The benefit of a 1-bit jump-start, and the necessity of stochastic encoding, in jamming channels

Abstract

We consider the problem of communicating a message m in the presence of a malicious jamming adversary (Calvin), who can erase an arbitrary set of up to pn bits, out of n transmitted bits (x1,…,xn). The capacity of such a channel when Calvin is exactly causal, i.e. Calvin's decision of whether or not to erase bit xi depends on his observations (x1,…,xi) was recently characterized to be 1-2p. In this work we show two (perhaps) surprising phenomena. Firstly, we demonstrate via a novel code construction that if Calvin is delayed by even a single bit, i.e.
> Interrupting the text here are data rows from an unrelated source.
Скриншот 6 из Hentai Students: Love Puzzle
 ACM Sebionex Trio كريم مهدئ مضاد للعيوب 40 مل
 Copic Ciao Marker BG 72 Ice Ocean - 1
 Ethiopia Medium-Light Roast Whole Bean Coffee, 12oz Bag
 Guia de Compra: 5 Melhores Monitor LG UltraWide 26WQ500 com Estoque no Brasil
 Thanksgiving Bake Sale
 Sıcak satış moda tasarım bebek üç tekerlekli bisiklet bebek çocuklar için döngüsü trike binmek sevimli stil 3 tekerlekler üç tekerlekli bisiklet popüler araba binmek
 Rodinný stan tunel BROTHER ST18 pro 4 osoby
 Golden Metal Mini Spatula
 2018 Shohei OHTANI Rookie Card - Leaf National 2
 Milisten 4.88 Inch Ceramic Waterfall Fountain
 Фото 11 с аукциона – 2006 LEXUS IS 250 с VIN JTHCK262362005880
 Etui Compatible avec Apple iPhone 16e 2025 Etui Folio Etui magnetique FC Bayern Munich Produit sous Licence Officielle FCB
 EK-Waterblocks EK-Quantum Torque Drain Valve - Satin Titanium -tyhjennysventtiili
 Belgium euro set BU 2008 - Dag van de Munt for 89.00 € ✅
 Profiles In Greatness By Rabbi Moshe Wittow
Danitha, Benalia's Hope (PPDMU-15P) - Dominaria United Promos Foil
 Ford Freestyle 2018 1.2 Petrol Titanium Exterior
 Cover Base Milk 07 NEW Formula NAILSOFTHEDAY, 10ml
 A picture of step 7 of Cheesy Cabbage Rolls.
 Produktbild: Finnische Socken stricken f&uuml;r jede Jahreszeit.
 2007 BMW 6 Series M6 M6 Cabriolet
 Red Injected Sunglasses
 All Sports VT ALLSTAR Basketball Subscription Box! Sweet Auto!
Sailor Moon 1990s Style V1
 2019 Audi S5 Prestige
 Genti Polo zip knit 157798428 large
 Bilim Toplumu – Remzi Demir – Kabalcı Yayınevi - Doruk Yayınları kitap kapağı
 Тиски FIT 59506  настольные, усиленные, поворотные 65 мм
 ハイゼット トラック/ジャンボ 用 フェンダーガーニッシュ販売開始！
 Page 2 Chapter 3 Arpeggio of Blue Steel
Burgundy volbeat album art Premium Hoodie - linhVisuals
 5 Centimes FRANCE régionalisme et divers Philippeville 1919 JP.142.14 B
Calvin's decision of whether or not to erase bit xi depends only on (x1,…,xi-1) (and is independent of the "current bit" xi) then the capacity increases to 1-p when the encoder is allowed to be stochastic. Secondly, we show via a novel jamming strategy for Calvin that, in the single-bit-delay setting, if the encoding is deterministic (i.e. the transmitted codeword is a deterministic function of the message m) then no rate asymptotically larger than 1-2p is possible with vanishing probability of error, hence stochastic encoding (using private randomness at the encoder) is essential to achieve the capacity of 1-p against a one-bit-delayed Calvin.